Exercise requirements — Output each record below exactly, leaving any picture out of the copy.

Task input —
>>>>
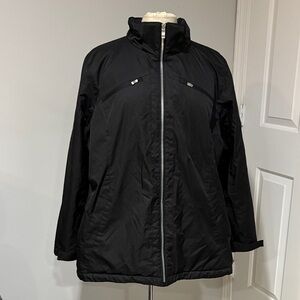 Zeroxposur Insulated Black Jacket Soft Shell Plush Lining Size 1X/1XG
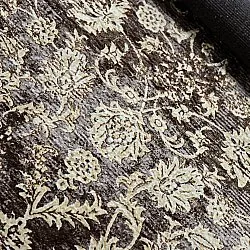 Wilton-Teppich - Flowers (braun)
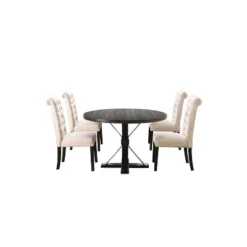 5pc Hedgeburn Round Dining Set - HOMES: Inside + Out -Cheap Homes Inside Out Store GUEST 8b52b2df 037e 4aad af7c 5aa6de8c10a4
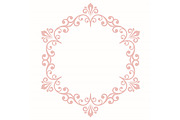 Floral Abstract Round Vector Frame, a Pattern Graphic by FineArtStudio (Thumbnail 1 of 3)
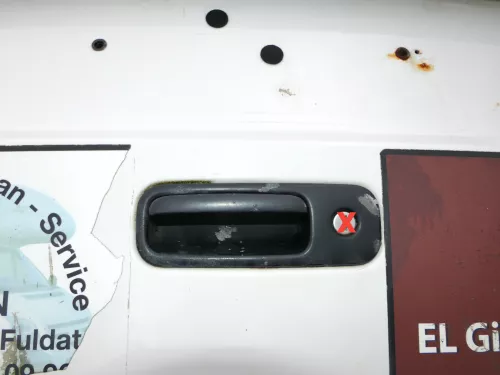 VW Caddy 2K Griff Heckklappe Heckklappengriff original Öffner schwarz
<<<<
Written response —
 Zeroxposur Insulated Black Jacket Soft Shell Plush Lining Size 1X/1XG
 Wilton-Teppich - Flowers (braun)
 5pc Hedgeburn Round Dining Set - HOMES: Inside + Out -Cheap Homes Inside Out Store GUEST 8b52b2df 037e 4aad af7c 5aa6de8c10a4
 Floral Abstract Round Vector Frame, a Pattern Graphic by FineArtStudio (Thumbnail 1 of 3)
 VW Caddy 2K Griff Heckklappe Heckklappengriff original Öffner schwarz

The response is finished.